======== Data shown

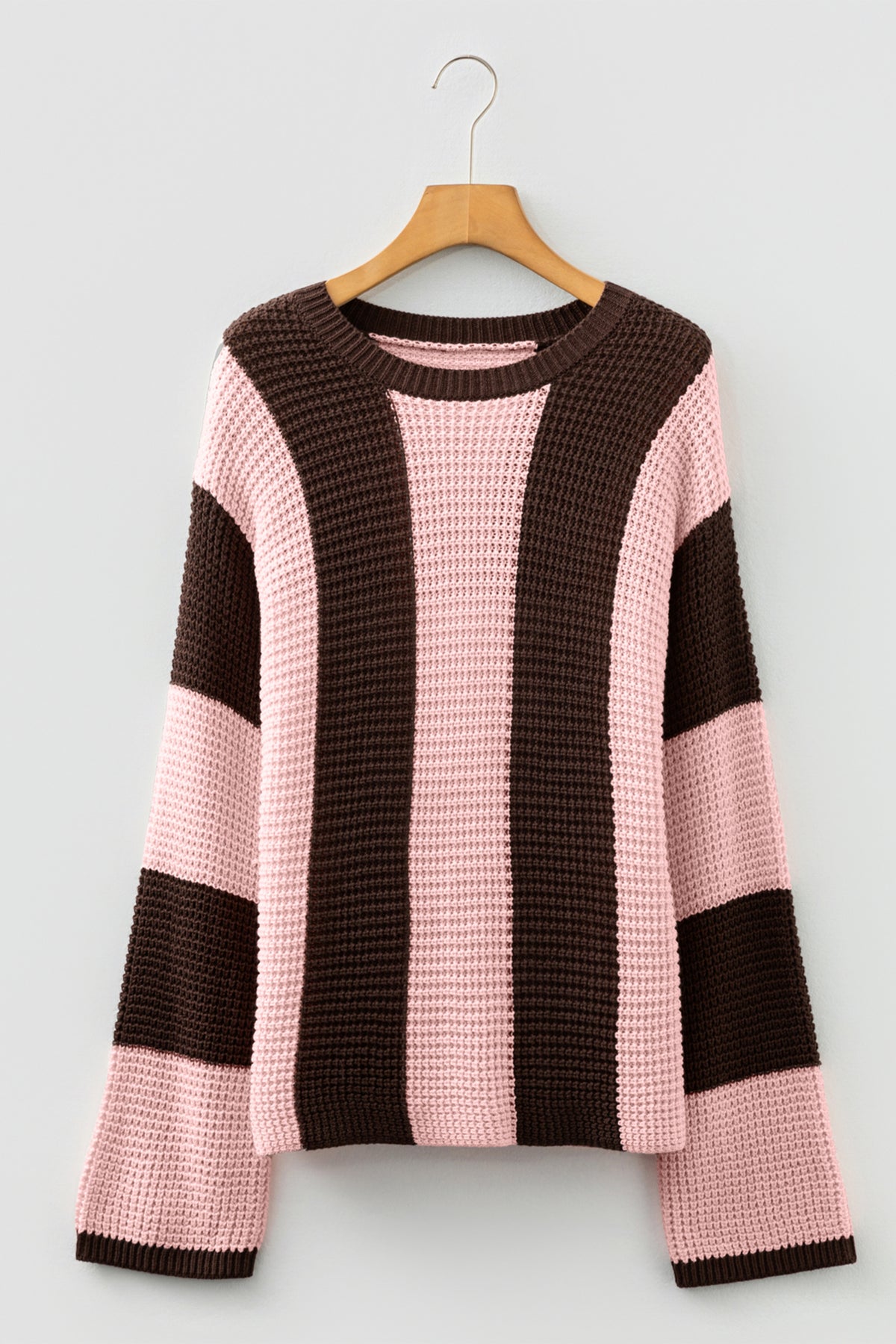 Fushia Striped Color Block Thermal Textured Knit Drop Shoulder Sweater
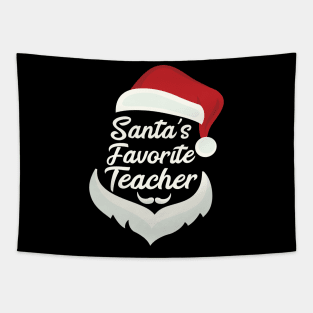 Santa's Favorite Teacher Christmas Funny Xmas Gift Tapestry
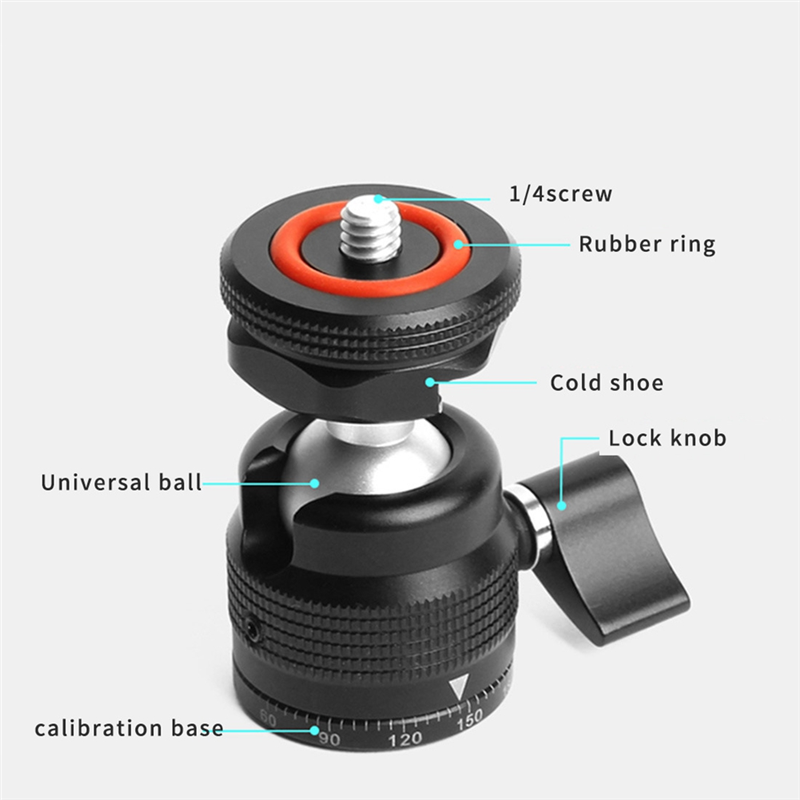 Metal Small Head Camera Tripod Replacement Parts Universal Ball Head Fill Light Bracket Mini Universal. 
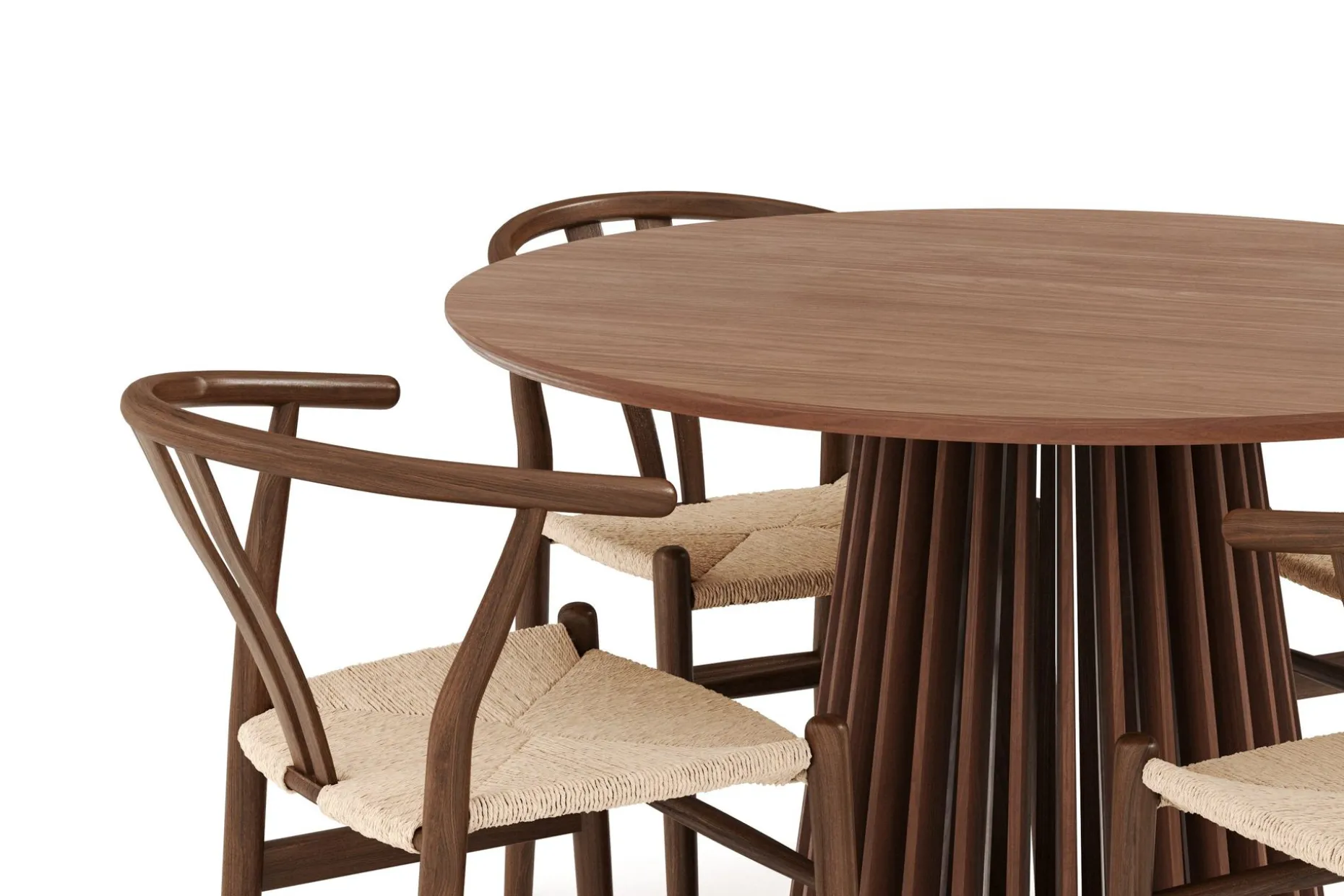 Peyra Spisegruppe 120 cm Rundt Spisebord med 4 Dastoori Spisestoler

================

- What you are asked to do
Retype each line above exactly. Leave the images out.

- Solution to this task
 Fushia Striped Color Block Thermal Textured Knit Drop Shoulder Sweater
 Santa's Favorite Teacher Christmas Funny Xmas Gift Tapestry
 Metal Small Head Camera Tripod Replacement Parts Universal Ball Head Fill Light Bracket Mini Universal. 
 Peyra Spisegruppe 120 cm Rundt Spisebord med 4 Dastoori Spisestoler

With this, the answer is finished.